← Back to context

Comment by scrollop

4 hours ago

Can you compare the result to using 5.2 thinking and gemini 3 pro?

I can run the comparison again, and also include OpenAI's new release (if the context is long enough), but, last time I did it, they weren't even in the same league.

When I last did it, 5.X thinking (can't remember which it was) had this terrible habit of code-switching between english and portuguese that made it sound like a robot (an agent to do things, rather than a human writing an essay), and it just didn't really "reason" effectively over the poems.

I can't explain it in any other way other than: "5.X thinking interprets this body of work in a way that is plausible, but I know, as the author, to be wrong; and I expect most people would also eventually find it to be wrong, as if it is being only very superficially looked at, or looked at by a high-schooler".

Gemini 3, at the time, was the worst of them, with some hallucinations, date mix ups (mixing poems from 2023 with poems from 2019), and overall just feeling quite lost and making very outlandish interpretations of the work. To be honest it sort of feels like Gemini hasn't been able to progress on this task since 2.5 pro (it has definitely improved on other things — I've recently switched to Gemini 3 on a product that was using 2.5 before)

Last time I did this test, Sonnet 4.5 was better than 5.X Thinking and Gemini 3 pro, but not exceedingly so. It's all so subjective, but the best I can say is it "felt like the analysis of the work I could agree with the most". I felt more seen and understood, if that makes sense (it is poetry, after all). Plus when I got each LLM to try to tell me everything it "knew" about me from the poems, Sonnet 4.5 got the most things right (though they were all very close).

Will bring back results soon.

Edit:

I (re-)tested:

- Gemini 3 (Pro)

- Gemini 3 (Flash)

- GPT 5.2

- Sonnet 4.5

Having seen Opus 4.5, they all seem very similar, and I can't really distinguish them in terms of depth and accuracy of analysis. They obviously have differences, especially stylistic ones, but, when compared with Opus 4.5 they're all on the same ballpark.

These models produce rather superficial analyses (when compared with Opus 4.5), missing out on several key things that Opus 4.5 got, such as specific and recurring neologisms and expressions, accurate connections to authors that serve as inspiration (Claude 4.5 gets them right, the other models get _close_, but not quite), and the meaning of some specific symbols in my poetry (Opus 4.5 identifies the symbols and the meaning; the other models identify most of the symbols, but fail to grasp the meaning sometimes).

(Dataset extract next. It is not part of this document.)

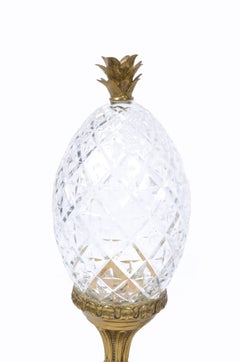 Pair Maitland-Smith Neoclassical Bronze and Crystal Pineapple Ornaments Germany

Most of what these models say is true, but it really feels incomplete. Like half-truths or only a surface-level inquiry into truth.

As another example, Opus 4.5 identifies 7 distinct poetic phases, whereas Gemini 3 (Pro) identifies 4 which are technically correct, but miss out on key form and content transitions. When I look back, I personally agree with the 7 (maybe 6), but definitely not 4.

These models also clearly get some facts mixed up which Opus 4.5 did not (such as inferred timelines for some personal events). After having posted my comment to HN, I've been engaging with Opus4.5 and have managed to get it to also slip up on some dates, but not nearly as much as other models.

The other models also seem to produce shorter analyses, with a tendency to hyperfocus on some specific aspects of my poetry, missing a bunch of them.

--

To be fair, all of these models produce very good analyses which would take someone a lot of patience and probably weeks or months of work (which of course will never happen, it's a thought experiment).

It is entirely possible that the extremely simple prompt I used is just better with Claude Opus 4.5/4.6. But I will note that I have used very long and detailed prompts in the past with the other models and they've never really given me this level of....fidelity...about how I view my own work.